# What the task asks
Your copy should match the listing below exactly, except that it holds no images.
(Supplied data begins)
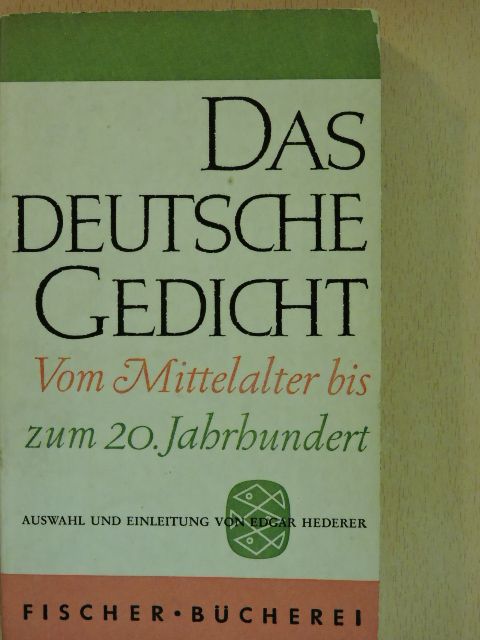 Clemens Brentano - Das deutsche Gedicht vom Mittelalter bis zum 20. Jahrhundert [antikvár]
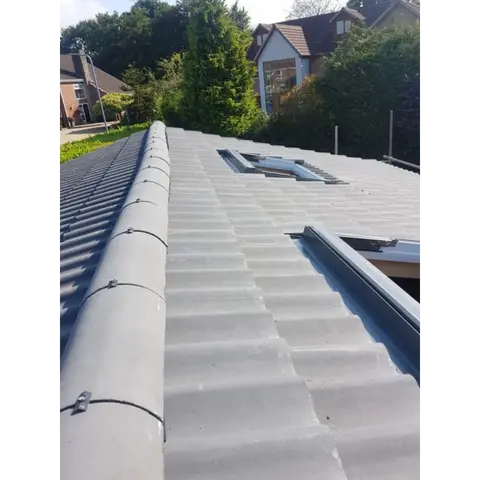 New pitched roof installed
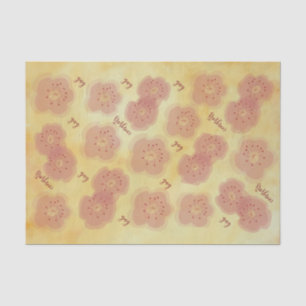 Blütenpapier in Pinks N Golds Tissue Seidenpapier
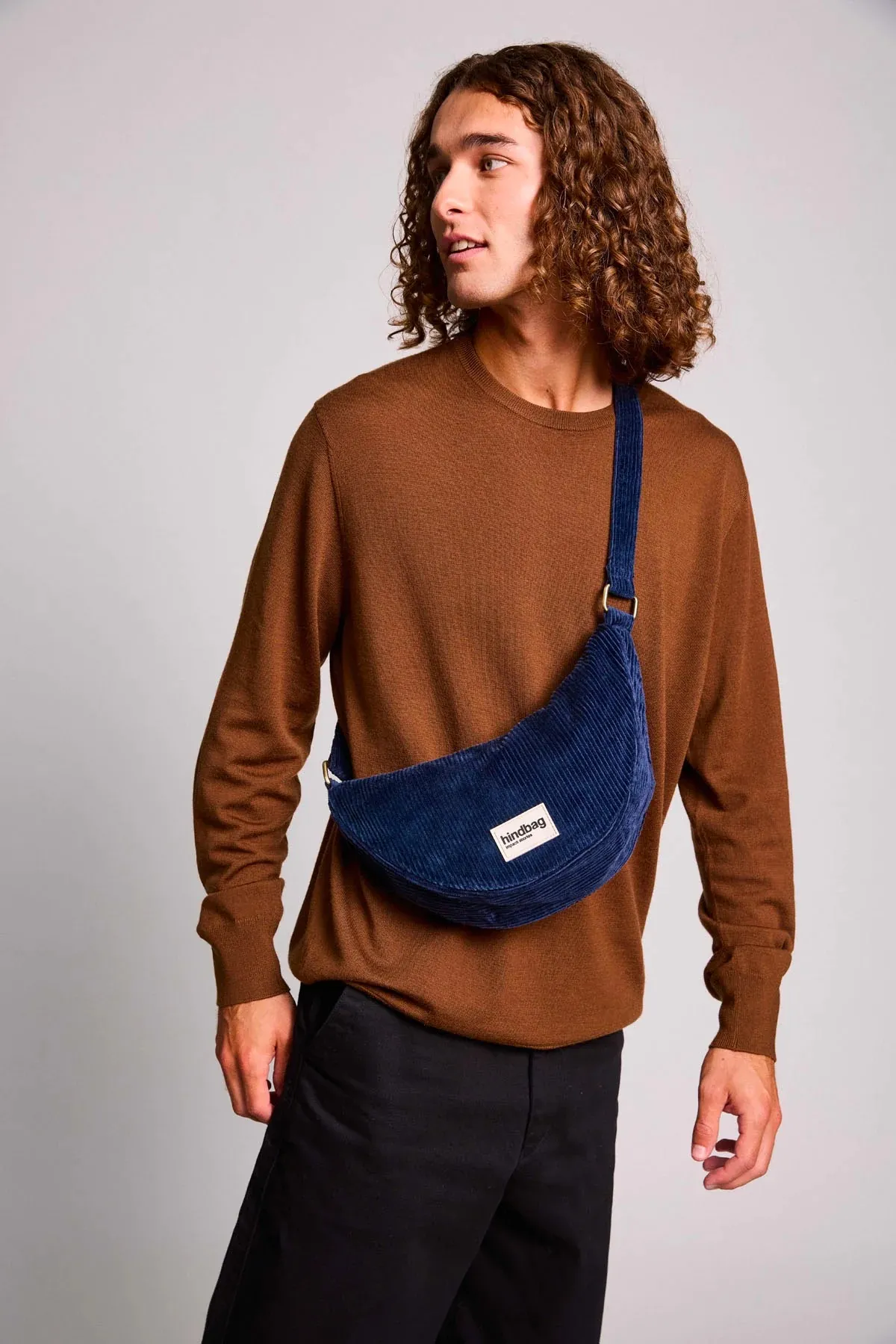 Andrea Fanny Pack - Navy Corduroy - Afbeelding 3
(Supplied data ends)
# Answer space
 Clemens Brentano - Das deutsche Gedicht vom Mittelalter bis zum 20. Jahrhundert [antikvár]
 New pitched roof installed
 Blütenpapier in Pinks N Golds Tissue Seidenpapier
 Andrea Fanny Pack - Navy Corduroy - Afbeelding 3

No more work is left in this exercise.